For those who still think organic clothing means scratchy burlap, take a look at www.wearingthefuture.com, a site dedicated to both style and sustainability. Wearing the Future is a resource for those who are trying to balance their fondness for fashion with sustainability concerns, and promises to provide information without "fluffy, PR-soaked, greenwashing nonsense." While you're unlikely to find a detailed discussion of the effects of atrazine, there is a lot of information here for the everyday consumer, written in an accessible, magazine style that is designed to attract as wide an interest as possible.
Green design
Having ransacked your wardrobe, let's move on to the rest of your worldly goods. It is not just in clothing manufacture that interest in sustainability as well as saleability is on the rise. From furniture to transportation, environmental impact and energy use are being taken into account from the earliest design stages in an increasing number of products.
One place to track the technological and design innovations that are working toward a sustainable future is www.inhabitat.com In their mission statement, the authors of Inhabitat.com express their frustration with the emerging idea of 'green design', "as if sustainability is somehow seperate [sic] from good design in general." It is with the principle that "good design is green design" that this site sets about showcasing 'green' design innovations as designs that can improve the world we inhabit, rather than a novel, 'environmentalist' niche.

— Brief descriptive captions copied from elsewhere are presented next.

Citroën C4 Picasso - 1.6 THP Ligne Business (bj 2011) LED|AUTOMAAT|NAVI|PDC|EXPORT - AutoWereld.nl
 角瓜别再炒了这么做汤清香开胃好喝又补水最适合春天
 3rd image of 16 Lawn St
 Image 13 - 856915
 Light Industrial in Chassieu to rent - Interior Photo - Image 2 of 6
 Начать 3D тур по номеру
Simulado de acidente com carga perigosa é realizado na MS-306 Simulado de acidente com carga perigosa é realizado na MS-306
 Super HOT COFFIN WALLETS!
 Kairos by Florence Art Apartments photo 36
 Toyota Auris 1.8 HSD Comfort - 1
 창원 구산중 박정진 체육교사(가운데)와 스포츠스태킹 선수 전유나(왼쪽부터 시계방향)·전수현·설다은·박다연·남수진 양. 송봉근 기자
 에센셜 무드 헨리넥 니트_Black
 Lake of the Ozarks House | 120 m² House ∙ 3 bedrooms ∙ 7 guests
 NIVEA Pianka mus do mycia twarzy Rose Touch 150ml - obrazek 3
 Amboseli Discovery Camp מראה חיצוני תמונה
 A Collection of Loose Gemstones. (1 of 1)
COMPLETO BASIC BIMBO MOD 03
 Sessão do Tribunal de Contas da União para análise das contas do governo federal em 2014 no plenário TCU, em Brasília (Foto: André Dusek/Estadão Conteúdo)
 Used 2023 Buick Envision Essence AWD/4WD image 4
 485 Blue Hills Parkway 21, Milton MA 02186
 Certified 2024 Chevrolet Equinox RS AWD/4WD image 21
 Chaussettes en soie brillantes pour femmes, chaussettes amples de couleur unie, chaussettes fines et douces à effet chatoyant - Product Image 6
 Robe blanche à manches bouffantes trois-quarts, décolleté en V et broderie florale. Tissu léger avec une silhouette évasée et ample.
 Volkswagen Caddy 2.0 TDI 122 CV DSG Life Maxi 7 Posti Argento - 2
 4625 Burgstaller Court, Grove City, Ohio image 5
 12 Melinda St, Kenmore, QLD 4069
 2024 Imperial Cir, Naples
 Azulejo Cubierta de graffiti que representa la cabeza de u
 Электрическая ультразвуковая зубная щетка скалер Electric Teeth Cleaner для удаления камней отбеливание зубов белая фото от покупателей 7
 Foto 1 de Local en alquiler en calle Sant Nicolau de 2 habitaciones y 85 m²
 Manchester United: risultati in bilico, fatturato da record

From handbags made from recycled plastics, to the self sufficient ZeroHouse, which collects its own water, creates its own power and processes its own waste, Inhabitat.com presents a huge array of green designs for every aspect of our lives. With designs divided into broad categories like architecture, interiors, transportation etc., even a quick browse through Inhabitat.com turns up some impressive concepts.
An MIT research team has invented a computer microchip, for example, which will run entirely on body heat. This rather neat attempt to reduce the power consumption of our energy-hungry technologies could be applied to our mobile phones or pacemakers and remove the need for a battery. And in case you're not impressed, the related items at the bottom of the page link to a number of other potential uses for our body heat alone.
Here to stay
However, Inhabitat.com doesn't just feature proof-of-concept designs that have yet to, and perhaps may never, see the light of day. Many practically applicable designs are featured on the site, as well as individual examples of resourceful re-use of materials. The recycled textile chair, which is made from waste cuttings from the pleated fabric industry, is one such application of materials that would otherwise be wasted. On the other hand, I will leave aesthetic judgement of the armchair made from an old shopping trolley to the reader. Suffice to say, I haven't sat in a trolley since my toddler years, and I'm not sure I'm willing to revert to said activity.
The rising trend for ecologically sound design, from clothing to furniture, housing to electronics, is definitely an encouraging one. It is becoming increasingly integrated into mainstream consumer goods, making it available to more and more people. Some of this may be affected by commercial interests chasing the trends, but whether from cynicism or genuine concern, no retailer or manufacturer can ignore it. Sustainability is no longer a niche demographic, or another facet of our 'consumer choice', but is seen as an integral and necessary part of all our manufacturing and design by an increasing number of manufacturers, designers and consumers.
I'd bless their cotton socks if they could vouch for their provenance.